• **Work item**
Your answer must be an exact copy of the lines from the one holding "Glueck Auf Appartements" through the last line of the entries below, with nothing added.

• **Supplied data**
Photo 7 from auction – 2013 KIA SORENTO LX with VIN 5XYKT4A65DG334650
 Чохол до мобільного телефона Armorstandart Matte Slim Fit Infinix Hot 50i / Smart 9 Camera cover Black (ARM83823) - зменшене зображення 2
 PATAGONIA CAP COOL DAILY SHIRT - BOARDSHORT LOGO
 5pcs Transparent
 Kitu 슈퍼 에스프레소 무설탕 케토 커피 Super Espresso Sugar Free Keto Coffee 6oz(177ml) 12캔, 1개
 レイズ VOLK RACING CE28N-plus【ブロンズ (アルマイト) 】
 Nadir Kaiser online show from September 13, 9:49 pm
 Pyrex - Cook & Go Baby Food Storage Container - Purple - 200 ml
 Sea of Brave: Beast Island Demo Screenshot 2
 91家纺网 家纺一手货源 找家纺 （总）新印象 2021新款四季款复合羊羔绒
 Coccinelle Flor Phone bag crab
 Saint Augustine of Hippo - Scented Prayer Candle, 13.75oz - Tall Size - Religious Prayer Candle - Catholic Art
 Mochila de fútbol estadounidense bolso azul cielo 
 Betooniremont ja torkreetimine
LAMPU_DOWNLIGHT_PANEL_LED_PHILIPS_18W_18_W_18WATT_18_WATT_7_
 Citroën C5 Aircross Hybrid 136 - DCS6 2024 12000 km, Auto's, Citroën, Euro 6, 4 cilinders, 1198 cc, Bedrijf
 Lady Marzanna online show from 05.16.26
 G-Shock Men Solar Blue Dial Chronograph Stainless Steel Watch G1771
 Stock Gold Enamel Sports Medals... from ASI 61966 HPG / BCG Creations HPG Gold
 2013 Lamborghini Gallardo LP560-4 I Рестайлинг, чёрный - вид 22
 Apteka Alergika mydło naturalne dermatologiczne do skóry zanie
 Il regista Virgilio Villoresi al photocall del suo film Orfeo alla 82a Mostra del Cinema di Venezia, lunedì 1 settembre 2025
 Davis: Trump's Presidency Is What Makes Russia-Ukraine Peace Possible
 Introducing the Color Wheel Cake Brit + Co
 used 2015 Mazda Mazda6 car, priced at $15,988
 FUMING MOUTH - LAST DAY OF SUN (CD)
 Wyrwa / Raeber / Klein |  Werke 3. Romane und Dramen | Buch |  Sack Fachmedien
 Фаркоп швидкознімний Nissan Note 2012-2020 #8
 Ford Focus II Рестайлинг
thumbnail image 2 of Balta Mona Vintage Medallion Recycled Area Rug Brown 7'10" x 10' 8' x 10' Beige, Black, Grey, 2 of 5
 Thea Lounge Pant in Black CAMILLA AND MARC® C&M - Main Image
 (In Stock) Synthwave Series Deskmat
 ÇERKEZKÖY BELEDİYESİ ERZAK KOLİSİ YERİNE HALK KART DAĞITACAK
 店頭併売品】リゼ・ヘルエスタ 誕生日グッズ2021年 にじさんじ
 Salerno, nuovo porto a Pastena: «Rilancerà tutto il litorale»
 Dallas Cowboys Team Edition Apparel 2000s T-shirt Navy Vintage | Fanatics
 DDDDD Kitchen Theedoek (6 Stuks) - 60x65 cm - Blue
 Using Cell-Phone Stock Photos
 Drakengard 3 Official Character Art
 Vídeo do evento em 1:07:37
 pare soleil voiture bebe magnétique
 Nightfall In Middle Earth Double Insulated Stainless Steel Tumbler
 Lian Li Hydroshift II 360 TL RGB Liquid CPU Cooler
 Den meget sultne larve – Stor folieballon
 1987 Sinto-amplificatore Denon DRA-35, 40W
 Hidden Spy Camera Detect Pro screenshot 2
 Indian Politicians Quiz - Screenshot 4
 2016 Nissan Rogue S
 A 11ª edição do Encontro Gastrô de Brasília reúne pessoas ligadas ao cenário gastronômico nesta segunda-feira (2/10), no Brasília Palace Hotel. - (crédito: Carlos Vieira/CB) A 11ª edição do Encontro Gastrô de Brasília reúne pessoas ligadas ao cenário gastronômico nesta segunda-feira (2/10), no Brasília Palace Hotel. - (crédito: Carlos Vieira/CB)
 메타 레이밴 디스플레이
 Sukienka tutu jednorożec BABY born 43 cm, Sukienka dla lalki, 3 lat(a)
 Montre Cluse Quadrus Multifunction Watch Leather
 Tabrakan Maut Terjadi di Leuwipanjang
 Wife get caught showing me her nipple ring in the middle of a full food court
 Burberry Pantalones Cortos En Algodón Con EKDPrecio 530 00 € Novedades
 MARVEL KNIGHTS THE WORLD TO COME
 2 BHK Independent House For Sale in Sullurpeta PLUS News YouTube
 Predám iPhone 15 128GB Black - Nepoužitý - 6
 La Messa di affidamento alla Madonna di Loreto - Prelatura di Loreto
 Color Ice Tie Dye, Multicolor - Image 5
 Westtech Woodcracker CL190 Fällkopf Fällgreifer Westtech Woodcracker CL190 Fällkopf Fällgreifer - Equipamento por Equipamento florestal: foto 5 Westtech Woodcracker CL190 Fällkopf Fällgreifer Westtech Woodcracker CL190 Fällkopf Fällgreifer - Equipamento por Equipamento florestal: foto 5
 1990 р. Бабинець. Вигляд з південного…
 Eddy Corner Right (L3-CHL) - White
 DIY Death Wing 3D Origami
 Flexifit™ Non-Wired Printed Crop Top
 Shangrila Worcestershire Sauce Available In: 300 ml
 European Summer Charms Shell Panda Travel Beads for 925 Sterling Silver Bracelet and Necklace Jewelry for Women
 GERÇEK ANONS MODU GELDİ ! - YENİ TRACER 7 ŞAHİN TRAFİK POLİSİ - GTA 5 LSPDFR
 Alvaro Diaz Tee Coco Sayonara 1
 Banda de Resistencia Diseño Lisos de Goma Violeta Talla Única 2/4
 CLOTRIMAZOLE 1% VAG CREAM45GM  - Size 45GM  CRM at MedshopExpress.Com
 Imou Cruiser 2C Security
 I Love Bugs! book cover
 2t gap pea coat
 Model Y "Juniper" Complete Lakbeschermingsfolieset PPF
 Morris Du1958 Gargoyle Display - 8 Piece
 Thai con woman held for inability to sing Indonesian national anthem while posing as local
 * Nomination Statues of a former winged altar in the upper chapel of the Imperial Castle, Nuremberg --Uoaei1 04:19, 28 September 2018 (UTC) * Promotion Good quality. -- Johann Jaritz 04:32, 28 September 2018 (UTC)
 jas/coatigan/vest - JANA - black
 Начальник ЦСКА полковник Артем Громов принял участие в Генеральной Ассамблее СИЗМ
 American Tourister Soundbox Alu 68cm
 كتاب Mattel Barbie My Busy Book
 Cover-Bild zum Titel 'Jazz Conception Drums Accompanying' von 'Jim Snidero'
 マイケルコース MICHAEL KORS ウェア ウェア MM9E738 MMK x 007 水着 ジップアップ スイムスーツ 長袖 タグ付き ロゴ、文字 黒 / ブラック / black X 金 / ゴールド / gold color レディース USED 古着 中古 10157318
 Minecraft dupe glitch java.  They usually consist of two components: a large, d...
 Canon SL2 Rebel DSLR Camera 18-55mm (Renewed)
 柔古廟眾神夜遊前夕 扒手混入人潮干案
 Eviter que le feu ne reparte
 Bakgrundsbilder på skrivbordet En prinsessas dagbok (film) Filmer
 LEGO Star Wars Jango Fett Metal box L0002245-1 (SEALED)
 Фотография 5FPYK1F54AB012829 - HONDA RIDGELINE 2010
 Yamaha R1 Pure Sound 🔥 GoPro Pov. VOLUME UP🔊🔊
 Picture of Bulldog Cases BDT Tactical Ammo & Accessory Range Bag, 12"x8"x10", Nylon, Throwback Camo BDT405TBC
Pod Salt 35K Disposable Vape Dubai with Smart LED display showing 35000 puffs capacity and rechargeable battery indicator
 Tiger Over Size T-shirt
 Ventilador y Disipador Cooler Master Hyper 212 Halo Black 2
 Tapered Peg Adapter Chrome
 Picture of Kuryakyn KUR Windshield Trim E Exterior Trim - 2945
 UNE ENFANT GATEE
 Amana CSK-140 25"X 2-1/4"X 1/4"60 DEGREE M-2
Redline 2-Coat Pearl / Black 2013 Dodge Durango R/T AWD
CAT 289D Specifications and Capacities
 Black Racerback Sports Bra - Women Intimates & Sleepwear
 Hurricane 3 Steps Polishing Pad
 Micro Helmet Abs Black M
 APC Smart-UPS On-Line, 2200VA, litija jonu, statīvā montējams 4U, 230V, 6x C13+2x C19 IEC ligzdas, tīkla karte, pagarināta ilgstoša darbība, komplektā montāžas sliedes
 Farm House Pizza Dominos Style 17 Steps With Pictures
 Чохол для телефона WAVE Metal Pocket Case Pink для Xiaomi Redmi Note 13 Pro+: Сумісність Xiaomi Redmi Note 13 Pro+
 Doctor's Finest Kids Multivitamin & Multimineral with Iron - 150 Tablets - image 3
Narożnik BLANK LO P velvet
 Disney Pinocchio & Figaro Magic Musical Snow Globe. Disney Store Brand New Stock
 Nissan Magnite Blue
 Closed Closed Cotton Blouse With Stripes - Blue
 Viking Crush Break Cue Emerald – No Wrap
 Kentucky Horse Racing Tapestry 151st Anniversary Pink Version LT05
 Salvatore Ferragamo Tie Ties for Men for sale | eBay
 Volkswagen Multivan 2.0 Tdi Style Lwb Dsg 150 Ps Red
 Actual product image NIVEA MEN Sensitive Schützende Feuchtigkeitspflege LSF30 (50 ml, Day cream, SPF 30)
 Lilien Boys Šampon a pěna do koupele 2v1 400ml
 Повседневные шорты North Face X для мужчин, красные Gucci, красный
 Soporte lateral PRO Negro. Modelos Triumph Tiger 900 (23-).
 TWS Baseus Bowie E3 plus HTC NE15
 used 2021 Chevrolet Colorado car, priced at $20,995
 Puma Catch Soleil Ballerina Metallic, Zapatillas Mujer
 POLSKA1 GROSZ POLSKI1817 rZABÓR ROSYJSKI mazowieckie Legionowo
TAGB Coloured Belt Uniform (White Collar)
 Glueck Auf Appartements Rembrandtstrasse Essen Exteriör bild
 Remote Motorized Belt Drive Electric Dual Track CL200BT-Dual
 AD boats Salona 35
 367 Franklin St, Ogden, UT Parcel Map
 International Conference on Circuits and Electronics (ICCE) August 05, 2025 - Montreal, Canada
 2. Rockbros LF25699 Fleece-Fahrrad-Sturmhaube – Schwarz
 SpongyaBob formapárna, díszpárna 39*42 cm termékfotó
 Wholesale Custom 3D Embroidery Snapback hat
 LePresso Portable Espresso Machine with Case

• **Answer for the task**
 Glueck Auf Appartements Rembrandtstrasse Essen Exteriör bild
 Remote Motorized Belt Drive Electric Dual Track CL200BT-Dual
 AD boats Salona 35
 367 Franklin St, Ogden, UT Parcel Map
 International Conference on Circuits and Electronics (ICCE) August 05, 2025 - Montreal, Canada
 2. Rockbros LF25699 Fleece-Fahrrad-Sturmhaube – Schwarz
 SpongyaBob formapárna, díszpárna 39*42 cm termékfotó
 Wholesale Custom 3D Embroidery Snapback hat
 LePresso Portable Espresso Machine with Case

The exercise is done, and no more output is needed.